Module 10 Notes: Saving, Investment, and Capital Flows
Module 10: Impacts of Saving, Investment, and Capital Flows
Learning Objectives
- Use the loanable funds market model to predict how various factors influence interest rates and investment levels.
- Predict how differences in return on investment impact global capital flows.
- Describe the influence of net capital outflow and net exports on exchange rates using a demand and supply model.
- Combine models to predict how changes in financial markets and global investment returns impact exchange rates.
- Predict how changes in trade policies, exchange rates, or other global conditions alter macroeconomic outcomes.
Integrated Model of Capital Flows
- Build upon Modules 8 and 9 to create a comprehensive model.
- Module 8: Market for loanable funds, national savings, investment, and financial markets.
- Module 9: Trade benefits, demand and supply models, exchange rates, balance of payments, current account balanced by capital and financial accounts, and the relationship between net exports and net foreign investment (net capital outflow).
Simplifying Interactions
- Relate the loanable funds market and the market for foreign exchange.

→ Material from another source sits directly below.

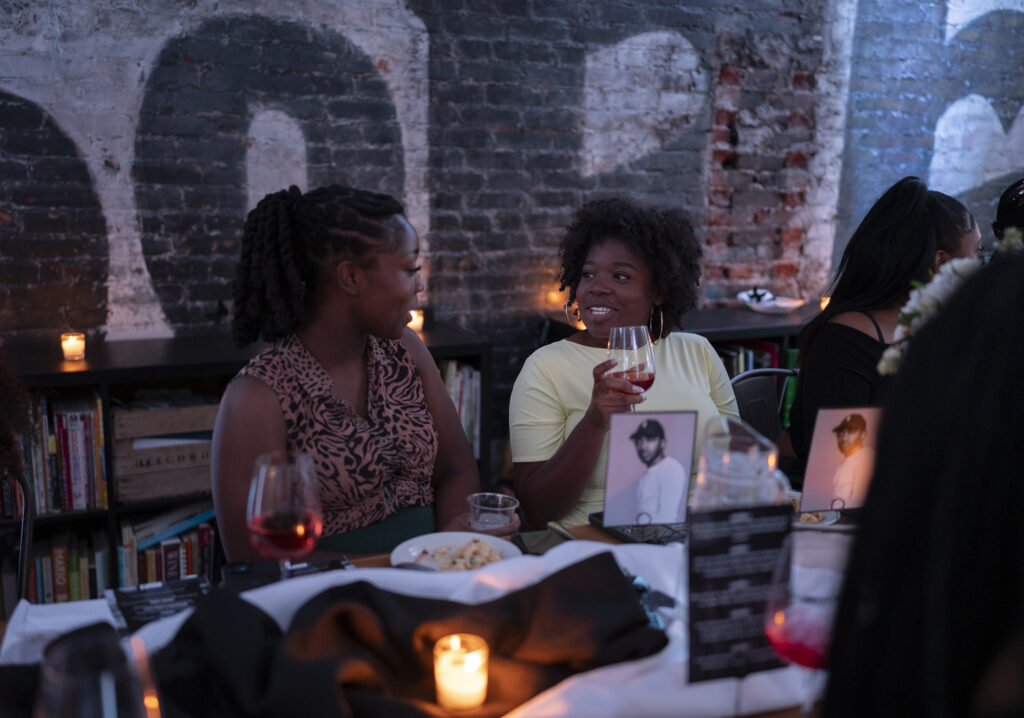Guests talking over wine at a Nosey Palate tasting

- Use the domestic real interest rate as an interaction mechanism with net capital outflow.
- Discuss each market, the interaction mechanism, and then integrate them.
Key Concepts
- Real Interest Rate: Nominal interest rate minus inflation.

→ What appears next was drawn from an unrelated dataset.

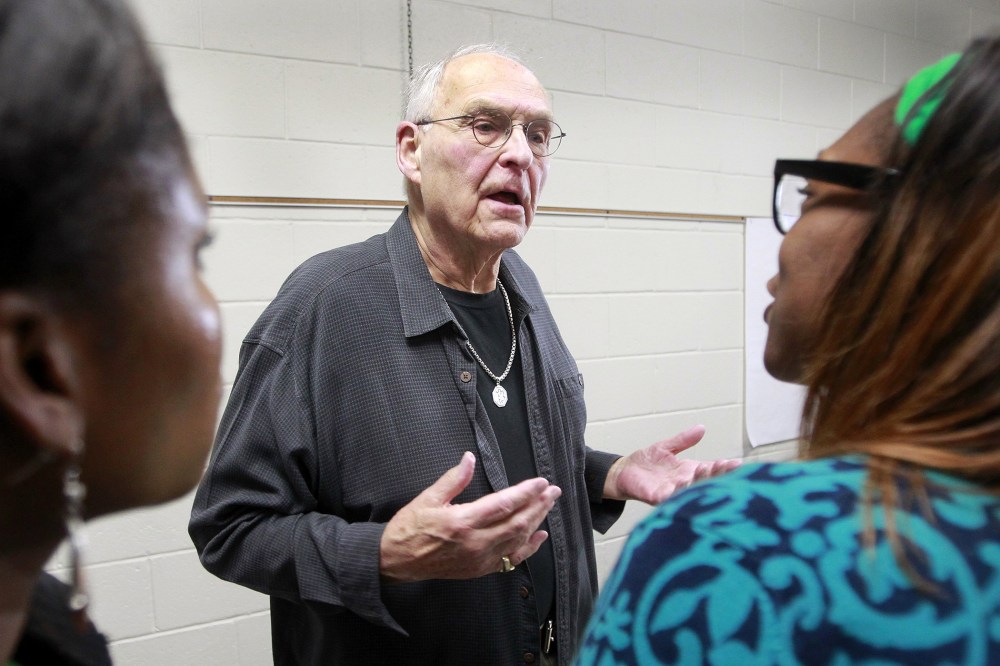 Wolfeboro Police Commissioner Robert Copeland is confronted by Whitney White, right, and Elizabeth Smith after a meeting on May 15, 2014 in Wolfeboro, N.H.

- Represents the real return on capital after adjusting for inflation.
- Real Exchange Rates: Nominal exchange rates adjusted for price effects.
- Represents the rate at which one country's goods trade for another's after adjusting for price differences.
- The real interest rate and real exchange rate equilibrate the quantity of loanable funds, net capital outflow, and the quantity of dollars exchanged for foreign currency.
Relationship Between Domestic Real Interest Rate and Net Capital Outflow
- Recall the circular flow model from Module 8, Y=C+I+G+NX, where:
- Y = GDP (income and output).
- C = Consumption.
- I = Investment.
- G = Government Expenditures.
- NX = Net Exports.
Income Allocation
- Income goes to consumption (c), taxes (taxes go to government).
- Government spends money (g) or saves (public savings).
- Households save (private savings).
- Firms access loanable funds for investment (I) and may also save.
- Government can dis-save, borrowing to increase expenditure.
- National Saving = Private Saving + Public Saving.
- National saving is the supply curve in the market for loanable funds.
- Demand for loanable funds is characterized as the demand for investment.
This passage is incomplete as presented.